An Rhein und Ruhr. Die Zahlen von häuslicher Gewalt steigen nach den ersten Corona-Lockerungen im Mai wieder an. Das führt zu vielen Problemen.

Was Experten schon seit Monaten befürchteten, ist nun Gewissheit: Durch die Corona-Pandemie ist die Zahl der häuslichen Gewalt angestiegen. Das belegt eine Antwort der NRW-Regierung auf eine kleine Anfrage der SPD-Fraktion im Landtag.
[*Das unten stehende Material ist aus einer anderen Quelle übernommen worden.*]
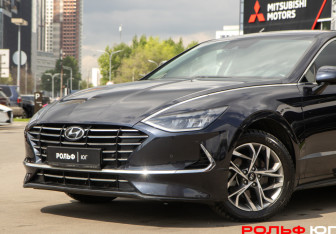 Подержанный автомобиль Hyundai Sonata 2021 года (16 фото)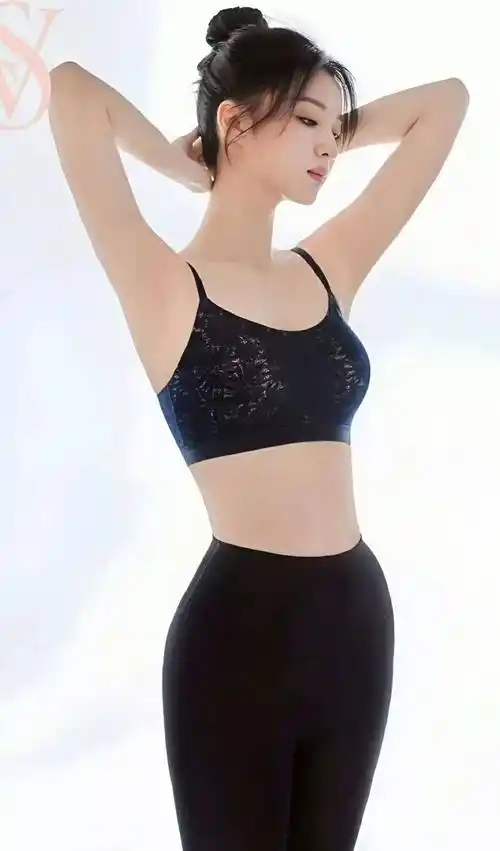 王楚然:女星里的一匹黑马_截图_身材_气质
Auffällig: Die Fälle von häuslicher Gewalt stiegen direkt nach dem Ende des Lockdowns.

Die Statistik der Kreispolizeibehörden zeigt eine Zunahme von 185 polizeibekannten Fällen zwischen April und Mai. „Mit der zunehmenden Rücknahme von Einschränkungen im Zusammenhang mit der Corona-Pandemie hat die Anzahl derer, die beispielsweise die Frauennotrufe und/oder die Frauenberatungsstellen in Anspruch nehmen bzw. Hilfe in einem Frauenhaus suchen, wieder zugenommen. Diese Entwicklung ist regional unterschiedlich ausgeprägt“, schreibt Ina Scharrenbach, Ministerin für Gleichstellung in Nordrhein-Westfalen, in der Antwort.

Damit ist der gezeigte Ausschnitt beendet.